Testing & Development

Running All Tests

pytest

Running Individual Tests

pytest tests/test_sensitive_data.py
pytest tests/test_repository_analysis.py

Code Formatting

black stackhawk_mcp/

Type Checking

mypy stackhawk_mcp/

Example Configurations

Basic Configuration

app:
  applicationId: "12345678-1234-1234-1234-123456789012"
  env: "dev"
  host: "http://localhost:3000"
  name: "Development App"
  description: "Local development environment"

Production Configuration with Authentication

app:
  applicationId: "87654321-4321-4321-4321-210987654321"
  env: "prod"
  host: "https://myapp.com"
  name: "Production App"
  description: "Production environment"
  authentication:
    type: "form"
    username: "your-username"
    password: "your-password"
    loginUrl: "https://myapp.com/login"
    usernameField: "username"
    passwordField: "password"

hawk:
  spider:
    base: true
    ajax: false
    maxDurationMinutes: 30
  scan:
    maxDurationMinutes: 60
    threads: 10
  startupTimeoutMinutes: 5
  failureThreshold: "high"

tags:
  - name: "environment"
    value: "production"
  - name: "application"
    value: "myapp"

Contributing

Contributions are welcome! Please open issues or pull requests for bug fixes, new features, or documentation improvements.


License

Apache License 2.0. See LICENSE for details.

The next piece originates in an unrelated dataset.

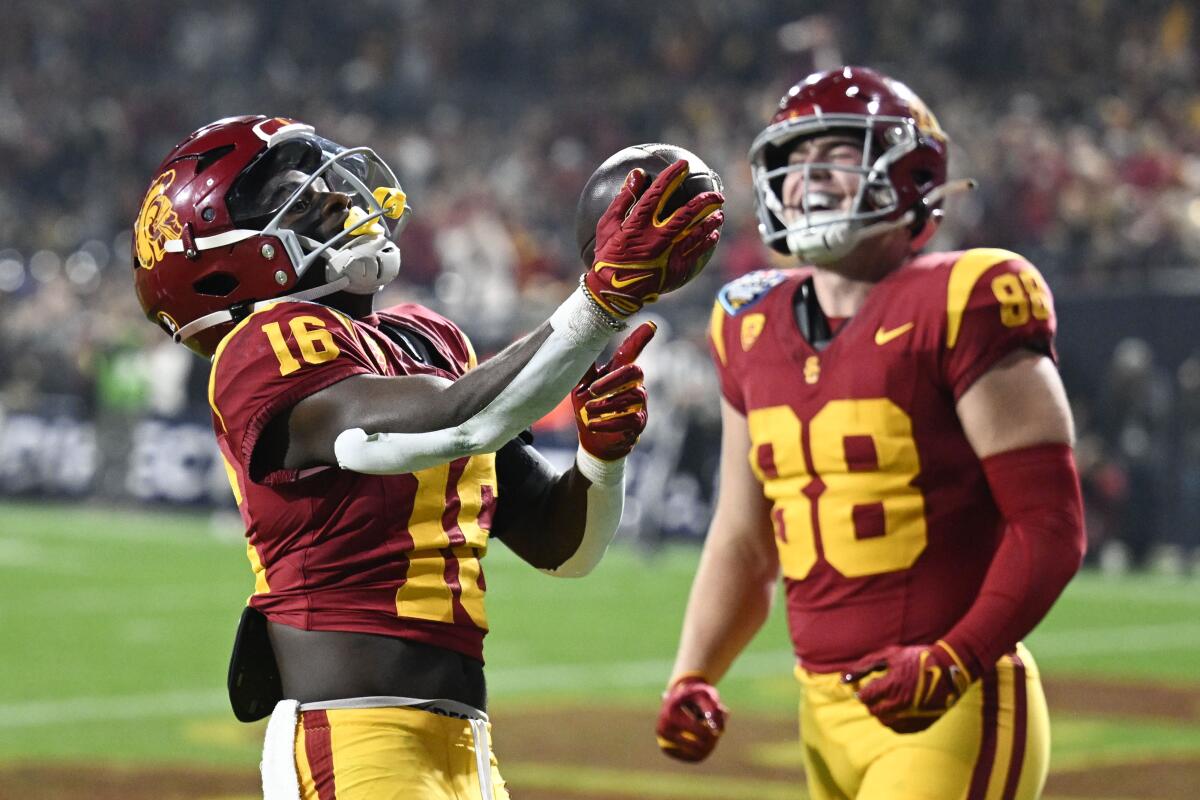 USC wide receiver Tahj Washington, left, celebrates a touchdown with tight end Kade Eldridge during the Holiday Bowl.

Release and Version Bumping

Version bumps are managed via the "Prepare Release" GitHub Actions workflow. When triggering this workflow, you can select whether to bump the minor or major version. The workflow will automatically update version files, commit, and push the changes to main.

Note: The workflow is protected against infinite loops caused by automated version bump commits.

GitHub Actions Authentication

All CI/CD git operations use a GitHub App token for authentication. The git user and email are set from the repository secrets HAWKY_APP_USER and HAWKY_APP_USER_EMAIL.

Workflow Protections

Workflows are designed to skip jobs if the latest commit is an automated version bump, preventing workflow loops.

How to Trigger a Release

  1. Go to the "Actions" tab on GitHub.
  2. Select the "Prepare Release" workflow.
  3. Click "Run workflow" and choose the desired bump type (minor or major).
  4. The workflow will handle the rest!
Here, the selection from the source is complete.